Hanif Mohammad Trophy
- Administrator: Pakistan Cricket Board (PCB)
- Format: Non-first-class four-day
- First edition: 2023–24
- Latest edition: 2025
- Tournament format: Round-robin
- Number of teams: 12
- Current champion: Islamabad
- Most successful: Islamabad
- Qualification: Quaid-e-Azam Trophy
- Website: www.pcb.com.pk

= Hanif Mohammad Trophy =

The Hanif Mohammad Trophy is a cricket event arranged by the Pakistan Cricket Board (PCB), honoring Hanif Mohammad, a key figure in Pakistan's early cricket history. It's a way to pay homage to his skill, passion, and lasting impact on the sport.

==Format==
The Hanif Mohammad Trophy is a four-day grade-II cricket tournament involving 10 regional teams during the domestic season. It acts as a stepping stone for regional teams to advance to the Quaid-e-Azam Trophy, the top-level first-class competition. The winning team of the Hanif Mohammad Trophy earns promotion to the Quaid-e-Azam Trophy, while the last-placed team in the first-class tournament is demoted to the grade-II event.

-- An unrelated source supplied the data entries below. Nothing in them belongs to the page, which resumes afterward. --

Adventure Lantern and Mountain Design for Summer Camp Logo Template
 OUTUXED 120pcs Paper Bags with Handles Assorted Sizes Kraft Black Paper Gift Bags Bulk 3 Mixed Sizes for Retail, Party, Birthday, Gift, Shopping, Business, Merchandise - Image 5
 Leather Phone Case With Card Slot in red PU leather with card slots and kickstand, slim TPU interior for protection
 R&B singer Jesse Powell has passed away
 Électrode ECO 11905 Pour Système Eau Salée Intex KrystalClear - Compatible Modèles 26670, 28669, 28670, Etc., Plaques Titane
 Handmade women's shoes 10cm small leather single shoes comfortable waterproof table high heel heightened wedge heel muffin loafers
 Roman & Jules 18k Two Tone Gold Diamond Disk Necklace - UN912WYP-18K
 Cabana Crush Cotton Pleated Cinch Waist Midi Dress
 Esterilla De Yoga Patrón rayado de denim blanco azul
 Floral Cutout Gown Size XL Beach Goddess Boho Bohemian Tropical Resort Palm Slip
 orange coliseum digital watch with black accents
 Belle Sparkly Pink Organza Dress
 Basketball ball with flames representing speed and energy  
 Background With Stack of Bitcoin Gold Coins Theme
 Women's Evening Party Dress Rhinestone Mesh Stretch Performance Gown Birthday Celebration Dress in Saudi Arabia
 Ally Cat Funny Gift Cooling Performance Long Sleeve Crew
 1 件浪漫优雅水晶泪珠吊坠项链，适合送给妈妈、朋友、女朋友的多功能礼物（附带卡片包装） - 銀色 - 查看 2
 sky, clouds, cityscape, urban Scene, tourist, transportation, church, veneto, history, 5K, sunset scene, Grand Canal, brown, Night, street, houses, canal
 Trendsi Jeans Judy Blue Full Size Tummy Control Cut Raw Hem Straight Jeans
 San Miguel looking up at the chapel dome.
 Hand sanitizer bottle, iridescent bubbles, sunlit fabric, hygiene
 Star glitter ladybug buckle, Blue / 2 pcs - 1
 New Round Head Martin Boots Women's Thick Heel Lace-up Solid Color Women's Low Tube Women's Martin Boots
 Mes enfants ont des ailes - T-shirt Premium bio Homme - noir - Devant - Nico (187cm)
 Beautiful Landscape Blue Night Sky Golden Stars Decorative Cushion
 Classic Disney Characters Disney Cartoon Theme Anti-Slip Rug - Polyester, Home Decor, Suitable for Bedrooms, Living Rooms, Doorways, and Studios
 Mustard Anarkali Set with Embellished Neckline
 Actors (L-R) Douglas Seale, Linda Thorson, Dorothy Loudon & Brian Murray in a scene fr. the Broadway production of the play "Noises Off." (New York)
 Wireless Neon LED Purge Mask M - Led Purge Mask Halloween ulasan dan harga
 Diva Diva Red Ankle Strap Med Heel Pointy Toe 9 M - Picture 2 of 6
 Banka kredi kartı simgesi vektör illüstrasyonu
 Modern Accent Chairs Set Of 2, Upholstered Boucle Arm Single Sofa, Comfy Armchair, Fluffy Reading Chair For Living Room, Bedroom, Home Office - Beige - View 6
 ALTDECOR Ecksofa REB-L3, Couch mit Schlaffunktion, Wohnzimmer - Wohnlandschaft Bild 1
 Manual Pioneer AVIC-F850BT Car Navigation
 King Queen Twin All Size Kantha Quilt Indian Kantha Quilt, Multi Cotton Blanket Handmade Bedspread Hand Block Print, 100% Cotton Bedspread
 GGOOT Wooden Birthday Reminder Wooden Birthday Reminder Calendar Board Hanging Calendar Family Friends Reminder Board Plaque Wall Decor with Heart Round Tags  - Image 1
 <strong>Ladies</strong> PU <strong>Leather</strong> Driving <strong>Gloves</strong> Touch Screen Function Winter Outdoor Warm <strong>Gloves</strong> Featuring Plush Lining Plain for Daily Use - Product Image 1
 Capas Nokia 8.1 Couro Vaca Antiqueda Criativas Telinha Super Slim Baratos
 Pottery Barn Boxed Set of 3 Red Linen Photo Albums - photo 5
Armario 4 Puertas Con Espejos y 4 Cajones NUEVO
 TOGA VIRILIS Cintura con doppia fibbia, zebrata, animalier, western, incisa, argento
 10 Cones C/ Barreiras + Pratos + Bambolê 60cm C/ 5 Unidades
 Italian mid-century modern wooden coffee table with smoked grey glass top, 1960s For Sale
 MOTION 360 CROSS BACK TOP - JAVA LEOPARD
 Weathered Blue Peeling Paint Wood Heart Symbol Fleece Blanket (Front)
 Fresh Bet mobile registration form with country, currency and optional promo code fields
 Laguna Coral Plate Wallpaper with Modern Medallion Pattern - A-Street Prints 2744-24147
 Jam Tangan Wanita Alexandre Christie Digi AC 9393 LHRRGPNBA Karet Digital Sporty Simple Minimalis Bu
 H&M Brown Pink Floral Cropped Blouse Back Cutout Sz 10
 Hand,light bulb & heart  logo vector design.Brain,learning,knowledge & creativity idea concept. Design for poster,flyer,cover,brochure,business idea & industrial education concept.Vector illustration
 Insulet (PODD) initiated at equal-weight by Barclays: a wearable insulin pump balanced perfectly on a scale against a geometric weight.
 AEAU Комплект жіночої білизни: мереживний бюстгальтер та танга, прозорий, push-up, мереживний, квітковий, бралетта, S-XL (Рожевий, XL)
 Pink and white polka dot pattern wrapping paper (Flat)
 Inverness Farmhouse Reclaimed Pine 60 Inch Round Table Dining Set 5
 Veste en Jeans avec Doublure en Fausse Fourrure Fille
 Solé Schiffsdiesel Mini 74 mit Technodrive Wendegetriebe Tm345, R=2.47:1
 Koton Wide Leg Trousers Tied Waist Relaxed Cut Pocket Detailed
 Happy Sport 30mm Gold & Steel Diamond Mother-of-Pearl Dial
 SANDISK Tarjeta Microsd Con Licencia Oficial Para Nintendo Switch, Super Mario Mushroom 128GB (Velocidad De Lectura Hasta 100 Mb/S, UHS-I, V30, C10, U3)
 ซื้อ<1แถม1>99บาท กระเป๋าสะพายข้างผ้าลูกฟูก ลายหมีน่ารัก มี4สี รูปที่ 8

==Inaugural season (2023-24)==
The first season of the Hanif Mohammad Trophy was held during the 2023-24 domestic cricket season.
===Notable performances===
- Abdul Wahid Bangalzai and Mohammad Ammar both scored centuries in one of the matches. On the day the tournament began.
- Jawad Ali from Hyderabad had an outstanding performance, taking an impressive seven-wicket haul and emerging as the star player of the day.

===First round victories===
- Islamabad and Bahawalpur emerged victorious in the first round of matches.
- Abbottabad and Quetta notched their first wins of the season.